As is often the case when writers talk about their craft (William Goldman comes to mind), Sondheim is rather more interesting when discussing his failures than his successes. At the moment, I’m working my way through the chapter on Anyone Can Whistle, the ill-fated musical satire that Sondheim created in collaboration with Arthur Laurents, who wrote the book and directed. Especially intriguing is the revelation that David Merrick, the most famous theatrical impresario of his time, passed on producing the show because he didn’t want Laurents to serve as both writer and director. Sondheim writes:

[Merrick] claimed, astutely, that authors, especially authors of musicals, shouldn’t direct the initial productions of their own works. Without a director to argue with, egoistic self-ingulgence might color everything, he claimed…The blessing of a writer serving as his own director is that one vision emerges, there being no outsider to contradict him. The curse, inevitably, is that the vision may turn out to be myopic, there being no outsider to contradict him.
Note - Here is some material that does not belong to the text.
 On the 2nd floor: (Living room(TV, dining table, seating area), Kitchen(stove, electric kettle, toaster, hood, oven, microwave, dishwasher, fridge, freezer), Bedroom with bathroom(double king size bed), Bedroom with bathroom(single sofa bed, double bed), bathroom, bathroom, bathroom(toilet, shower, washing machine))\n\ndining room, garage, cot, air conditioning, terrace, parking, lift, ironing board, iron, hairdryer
Now, I defy anyone who has been following the latest news from Broadway to read these lines and not think at once of Julie Taymor. The most recent of the many New York Times articles on the ongoing train wreck of Spider-Man: Turn Off the Dark expresses the theater world’s reservations about Taymor, who was given what amounted to a blank check as the musical’s director and co-writer, in strikingly similar terms:

Julie Taymor signed on as director and co-writer of the script, a dual role that many on Broadway consider risky. Rather than take a strong hand in managing the production, as producers usually do, Mr. [Michael] Cohl [the lead producer of the show] saw his job as aiding and abetting her vision.

The result has been making headlines for months: a visually spellbinding but narratively incoherent show that is already the most expensive musical in the history of Broadway. (In all fairness, I haven’t seen the show yet, and won’t anytime soon, unless I happen to be in New York on a week that TKTS seats are on sale.) And it seems fairly clear, especially after Taymor’s unceremonious departure from the show, that if the director had been subjected to a stronger controlling hand—as she was with The Lion King—the outcome might have been very different.
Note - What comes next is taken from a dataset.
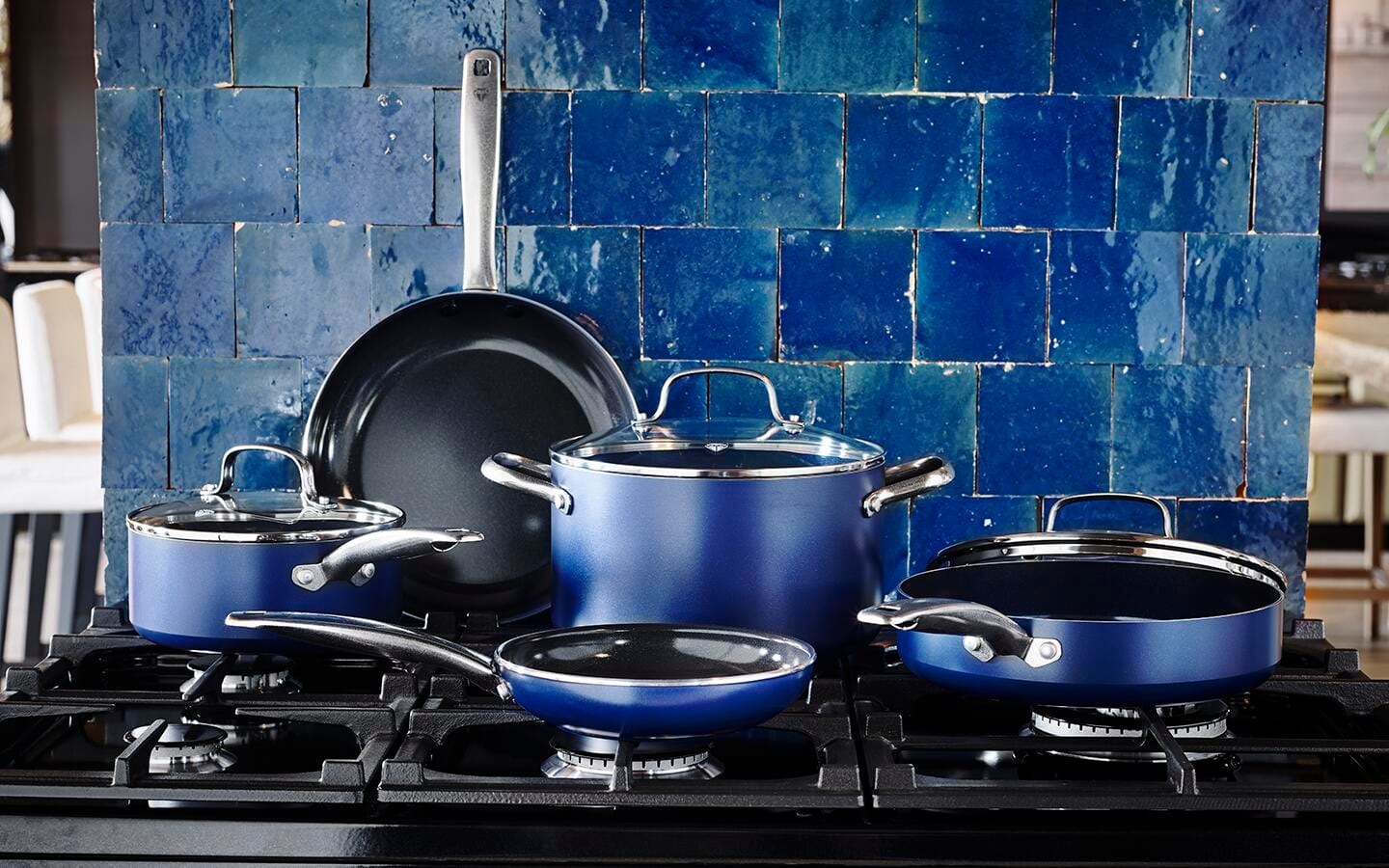 A blue cookware set with two skillets and a stock pot sitting on a stovetop.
The lesson here, obviously, is that all artists, even the most creative and idiosyncratic, need someone around to keep them in line. It’s why there are surprisingly few truly great writer-directors in film, and the ones who do exist usually produce their best work with a forceful collaborator pushing back at every step of the way—witness Powell and Pressburger. And it’s why every writer needs strong readers and editors. Without such constraints, you occasionally get a Kubrick, yes, but more often, you wind up with the recent career of George Lucas. Or, it seems, a Julie Taymor. So it’s best to let Sondheim have the last word: “In today’s musical theater, there are two kinds of directors: those who are writers and those who want to be, or, more ominously, think they are.”